_RECORDS FOR PROCESSING:_
□ □ □ □ □ □ □

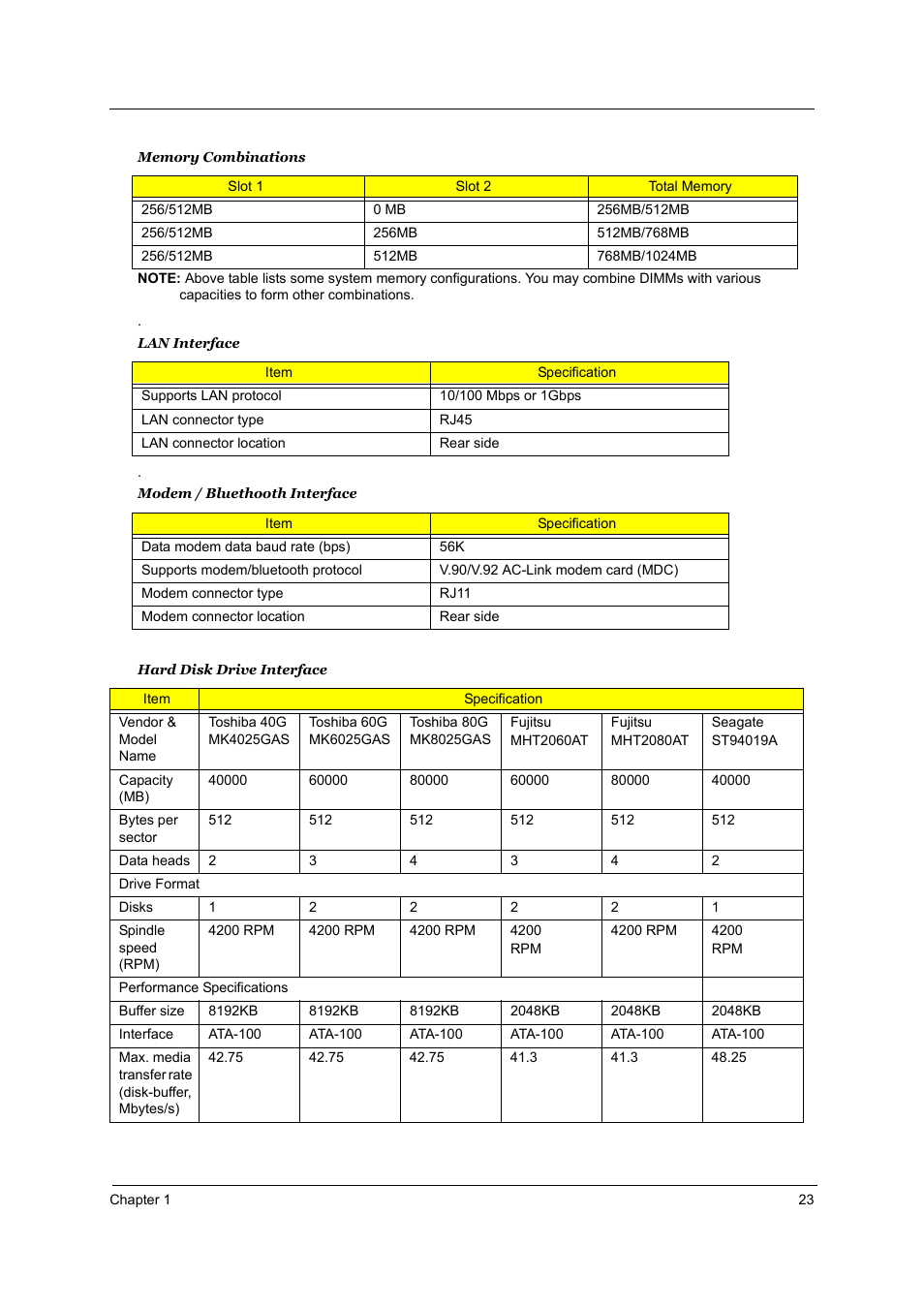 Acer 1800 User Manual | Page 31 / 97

□ □ □ □ □ □ □

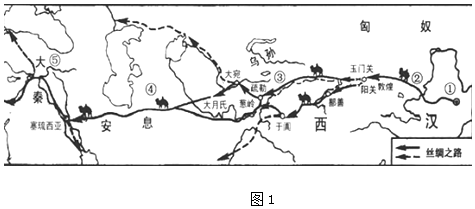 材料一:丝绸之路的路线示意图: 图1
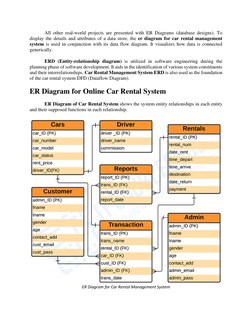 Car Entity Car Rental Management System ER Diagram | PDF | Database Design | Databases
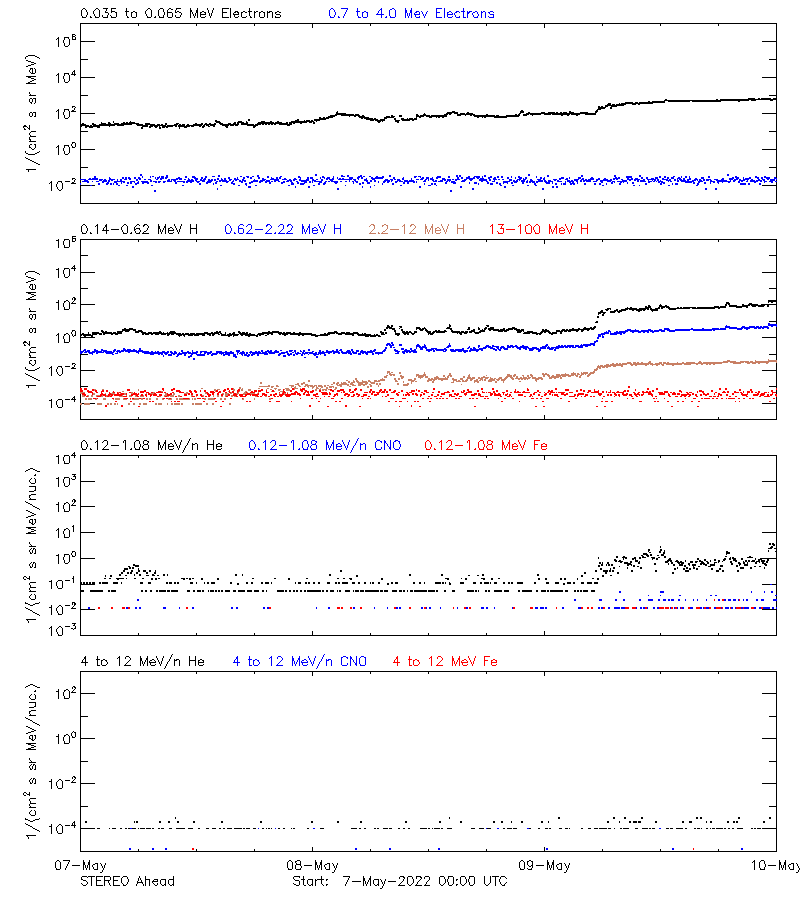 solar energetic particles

□ □ □ □ □ □ □

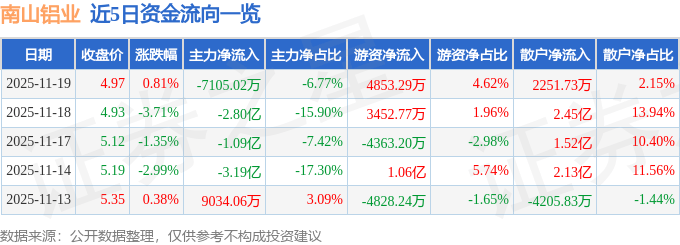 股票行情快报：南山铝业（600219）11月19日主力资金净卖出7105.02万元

□ □ □ □ □ □ □

_THE PROBLEM:_
Print, exactly and with no pictures, the lines of the listing above starting at the one that has "Car Entity Car" and ending at the one that has "solar energetic particles", both included.

_TASK OUTPUT:_
 Car Entity Car Rental Management System ER Diagram | PDF | Database Design | Databases
 solar energetic particles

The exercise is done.